Hamm und Clov, das aneinanderklebende Paar- Das lausige, lustige Los, die

Letzten zu sein. Der Lahme und Blinde demütigt den, von dem er abhängt; der Gedemütigte droht ständig mit Flucht, aber sein Widerstand versandet nach kurzen, heftigen Aufwallungen in trotzigen Gesten, die der Blinde nicht sieht. Voss und Kirchner nehmen das Ende von Anfang an nicht ernst, aber jenes Spiel nehmen sie todernst, das lediglich einer einzigen Regel folgt: Wir spüren den anderen nur wirklich, wenn wir ihn verletzen. Ob die Welt nun voll oder leer ist. Wer das Leben so leidenschaftlich haßt wie diese beiden einander hassen, wie muß der am Leben hängen. Es ist die größte Torheit, sich mit Menschen zu verbinden, und eine noch größere, zu glauben, man könne sich von ihnen lösen.

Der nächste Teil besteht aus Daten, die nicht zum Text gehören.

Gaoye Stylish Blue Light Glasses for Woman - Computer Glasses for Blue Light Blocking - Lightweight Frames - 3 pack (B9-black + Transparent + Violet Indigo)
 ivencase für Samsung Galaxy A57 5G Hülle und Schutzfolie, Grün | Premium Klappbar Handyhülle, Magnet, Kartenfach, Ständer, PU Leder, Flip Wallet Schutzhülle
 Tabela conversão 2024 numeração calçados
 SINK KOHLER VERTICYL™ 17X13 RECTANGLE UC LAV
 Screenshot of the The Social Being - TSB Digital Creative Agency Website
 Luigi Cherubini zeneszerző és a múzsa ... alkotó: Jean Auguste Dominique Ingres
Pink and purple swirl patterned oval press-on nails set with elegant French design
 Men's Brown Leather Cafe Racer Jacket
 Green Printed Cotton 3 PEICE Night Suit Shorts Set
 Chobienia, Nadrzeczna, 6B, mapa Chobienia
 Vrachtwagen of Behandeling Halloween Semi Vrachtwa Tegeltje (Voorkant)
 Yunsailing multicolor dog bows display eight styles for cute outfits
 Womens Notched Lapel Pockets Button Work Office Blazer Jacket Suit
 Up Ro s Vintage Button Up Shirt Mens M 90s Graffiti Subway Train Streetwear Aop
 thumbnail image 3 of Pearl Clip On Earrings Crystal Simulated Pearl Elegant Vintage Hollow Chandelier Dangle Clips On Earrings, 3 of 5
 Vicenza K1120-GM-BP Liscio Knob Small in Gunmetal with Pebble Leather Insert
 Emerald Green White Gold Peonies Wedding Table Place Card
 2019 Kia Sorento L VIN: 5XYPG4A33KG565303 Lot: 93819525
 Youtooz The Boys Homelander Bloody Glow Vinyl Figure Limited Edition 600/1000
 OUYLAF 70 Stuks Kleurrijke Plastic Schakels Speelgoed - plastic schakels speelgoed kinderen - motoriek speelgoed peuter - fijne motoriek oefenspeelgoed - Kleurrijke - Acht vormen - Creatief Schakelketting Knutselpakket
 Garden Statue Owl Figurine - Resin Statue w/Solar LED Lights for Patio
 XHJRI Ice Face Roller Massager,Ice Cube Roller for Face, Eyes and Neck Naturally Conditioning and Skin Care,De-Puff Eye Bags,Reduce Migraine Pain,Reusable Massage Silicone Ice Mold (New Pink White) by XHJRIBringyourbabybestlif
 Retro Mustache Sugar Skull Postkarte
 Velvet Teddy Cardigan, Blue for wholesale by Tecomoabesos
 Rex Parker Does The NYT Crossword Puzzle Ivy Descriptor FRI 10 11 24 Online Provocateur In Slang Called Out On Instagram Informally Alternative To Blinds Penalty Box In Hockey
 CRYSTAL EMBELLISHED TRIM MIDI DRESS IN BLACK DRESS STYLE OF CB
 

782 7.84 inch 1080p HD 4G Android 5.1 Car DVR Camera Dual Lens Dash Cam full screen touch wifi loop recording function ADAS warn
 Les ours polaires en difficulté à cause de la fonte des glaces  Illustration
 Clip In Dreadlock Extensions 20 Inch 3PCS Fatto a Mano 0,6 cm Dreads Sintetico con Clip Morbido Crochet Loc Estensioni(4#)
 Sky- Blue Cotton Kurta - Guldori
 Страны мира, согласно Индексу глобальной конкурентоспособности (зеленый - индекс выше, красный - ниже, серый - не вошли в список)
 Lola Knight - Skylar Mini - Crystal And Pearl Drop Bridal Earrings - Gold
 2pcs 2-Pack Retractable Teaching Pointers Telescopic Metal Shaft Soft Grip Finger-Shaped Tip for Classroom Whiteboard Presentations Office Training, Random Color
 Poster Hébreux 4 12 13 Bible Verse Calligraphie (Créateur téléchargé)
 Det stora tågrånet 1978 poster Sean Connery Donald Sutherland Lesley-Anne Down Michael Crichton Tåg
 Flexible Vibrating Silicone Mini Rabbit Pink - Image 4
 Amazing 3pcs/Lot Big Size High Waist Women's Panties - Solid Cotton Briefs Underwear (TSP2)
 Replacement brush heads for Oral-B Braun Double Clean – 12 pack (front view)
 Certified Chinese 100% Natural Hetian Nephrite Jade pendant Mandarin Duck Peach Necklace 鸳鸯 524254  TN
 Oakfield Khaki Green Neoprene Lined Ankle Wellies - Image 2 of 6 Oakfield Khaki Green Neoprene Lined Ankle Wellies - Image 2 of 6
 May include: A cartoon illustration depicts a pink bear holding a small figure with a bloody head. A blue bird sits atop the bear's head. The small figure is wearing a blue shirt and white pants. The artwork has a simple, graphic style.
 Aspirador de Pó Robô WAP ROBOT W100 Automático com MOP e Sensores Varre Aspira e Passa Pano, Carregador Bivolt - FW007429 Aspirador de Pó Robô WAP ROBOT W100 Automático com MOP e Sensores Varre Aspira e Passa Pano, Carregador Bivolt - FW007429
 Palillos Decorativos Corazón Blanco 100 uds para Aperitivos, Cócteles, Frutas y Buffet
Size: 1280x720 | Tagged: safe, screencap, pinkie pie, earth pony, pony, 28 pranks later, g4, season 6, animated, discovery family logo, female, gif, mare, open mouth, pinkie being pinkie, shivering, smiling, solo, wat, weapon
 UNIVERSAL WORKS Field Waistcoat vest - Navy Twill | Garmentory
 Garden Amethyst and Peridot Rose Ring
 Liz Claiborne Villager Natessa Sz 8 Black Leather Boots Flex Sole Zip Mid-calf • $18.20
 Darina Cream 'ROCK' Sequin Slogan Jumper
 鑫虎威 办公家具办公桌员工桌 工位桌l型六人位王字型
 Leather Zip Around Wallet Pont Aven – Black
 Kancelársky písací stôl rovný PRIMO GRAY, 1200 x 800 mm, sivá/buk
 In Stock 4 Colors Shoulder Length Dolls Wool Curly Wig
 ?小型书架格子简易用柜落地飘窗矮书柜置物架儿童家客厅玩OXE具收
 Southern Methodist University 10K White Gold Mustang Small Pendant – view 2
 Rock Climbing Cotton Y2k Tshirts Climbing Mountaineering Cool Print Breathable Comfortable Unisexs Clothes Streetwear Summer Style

Nicht der Blitz beherrscht das Universum, erzählen zwei Schauspieler, sondern die bittere Ironie, und nichts, sagt Beckett, ist komischer als das Unglück. In diesem Sinne sind diese beiden wahre Possenreißer, denn wer seine Probleme überlebt, ist ein Narr.

Wenn Clov beim bösen, traurigen Schlußmonolog des Hamm mit Mantel und Rucksack bewegungslos im Hintergrund steht, sich im entschlossenen Weggang (wohin?) unterbrechend, ahnt er Wahrscheinlich, was ihn aufhalten könnte: Nur zwischen Geistern, die bestrebt sind, ihre Ratlosigkeit zu festigen, bleibt ein Gespräch möglich. Hier wird also kein definitives Endspiel gegeben, sondern das Ende einer Partie. Denn Morgen ist wieder Erwachen, und Erwachen ist eine Erbsünde wie das Geborenwerden. Ein neues Spiel, das alte Unglück.

Ein erschreckend heiterer Abend. Theater, das ganz zwei Schauspielern und ihren unruhigen Träumen gehört. Und einem wunderbar leisen Regisseur, der es vollbringt, daß wir die Wahrnehmung des Nichts als Triumph über die Leere empfinden. Auch wenn weh tut, was auf uns zukommt. Einmal sagte Tabori, das Schönste am Tod seien die Überraschungen, die weit davor lägen. Außer einer vielleicht: daß Ignaz Kirchner plötzlich pünktlich zur Probe käme.